**Prompt**
Retype exactly the lines below, starting with the line that contains "lane, city, people, buildings, signs, wires, 4k" and ending with the last line; leave out any pictures.
*** Dataset content Section Begins ***
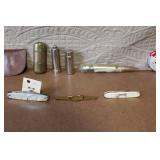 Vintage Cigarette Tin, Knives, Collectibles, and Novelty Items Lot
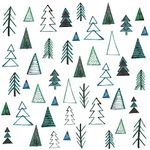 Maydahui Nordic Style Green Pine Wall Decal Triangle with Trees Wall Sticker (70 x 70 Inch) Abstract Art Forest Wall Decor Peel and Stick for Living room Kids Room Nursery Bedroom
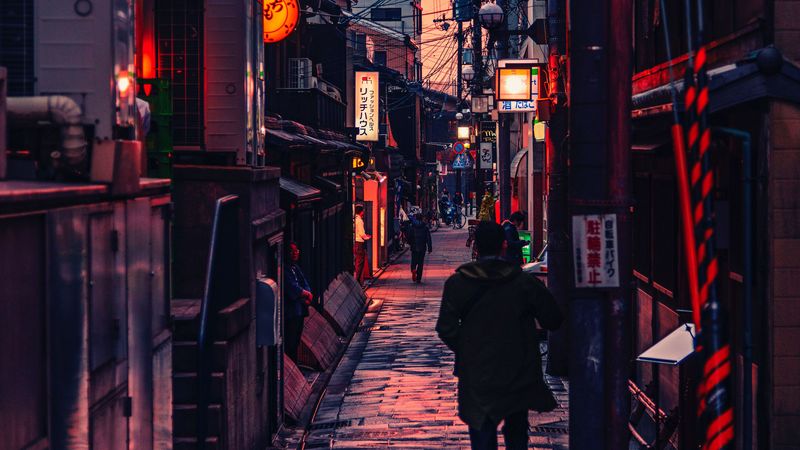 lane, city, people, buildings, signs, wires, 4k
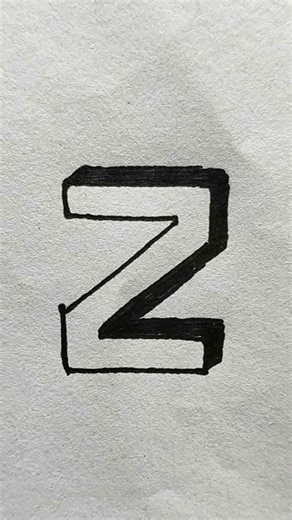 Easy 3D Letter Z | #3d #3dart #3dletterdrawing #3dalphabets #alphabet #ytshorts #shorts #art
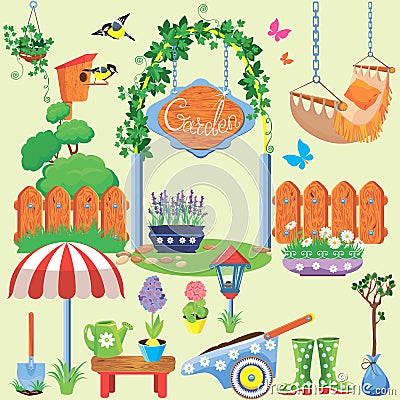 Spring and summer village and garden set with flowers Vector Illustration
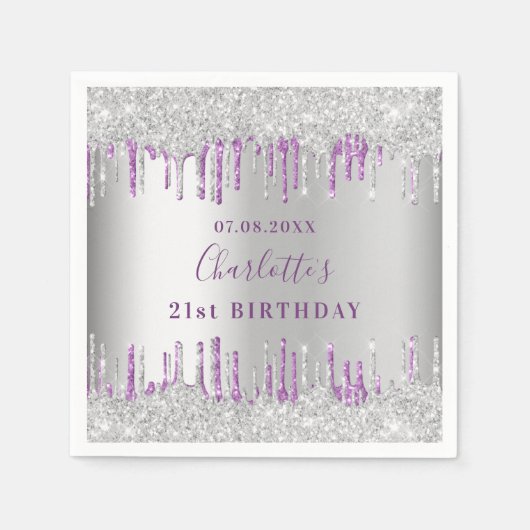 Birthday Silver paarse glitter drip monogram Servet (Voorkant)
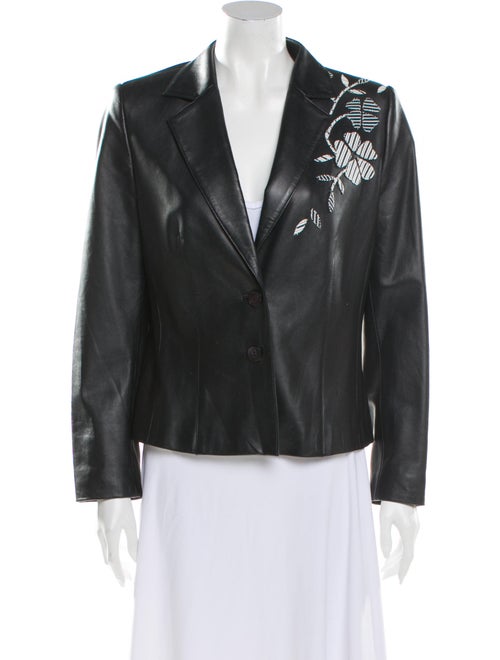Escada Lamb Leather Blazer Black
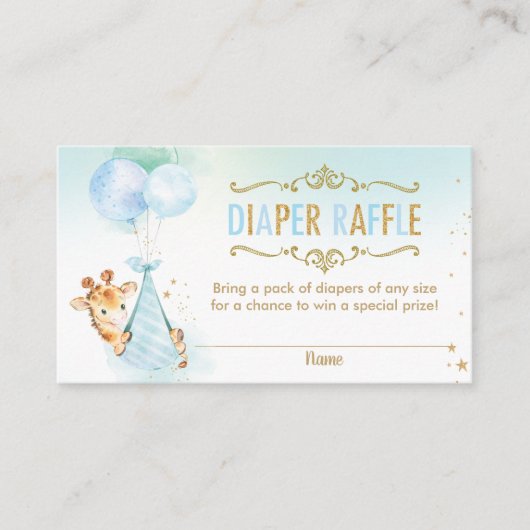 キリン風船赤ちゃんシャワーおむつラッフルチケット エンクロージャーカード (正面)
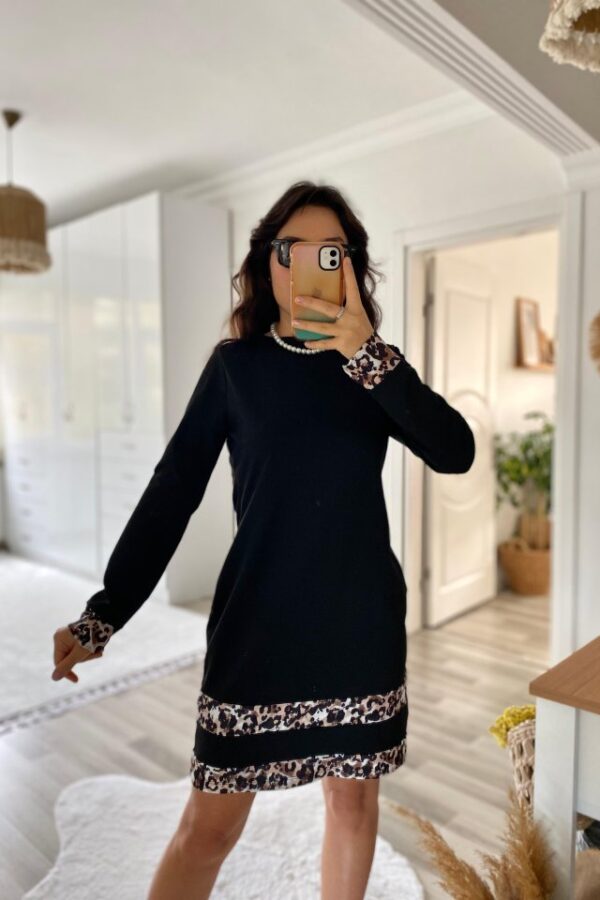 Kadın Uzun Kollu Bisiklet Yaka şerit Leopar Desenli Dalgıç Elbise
*** Dataset content Section Ends ***
**Written response**
 lane, city, people, buildings, signs, wires, 4k
 Easy 3D Letter Z | #3d #3dart #3dletterdrawing #3dalphabets #alphabet #ytshorts #shorts #art
 Spring and summer village and garden set with flowers Vector Illustration
 Birthday Silver paarse glitter drip monogram Servet (Voorkant)
Escada Lamb Leather Blazer Black
 キリン風船赤ちゃんシャワーおむつラッフルチケット エンクロージャーカード (正面)
 Kadın Uzun Kollu Bisiklet Yaka şerit Leopar Desenli Dalgıç Elbise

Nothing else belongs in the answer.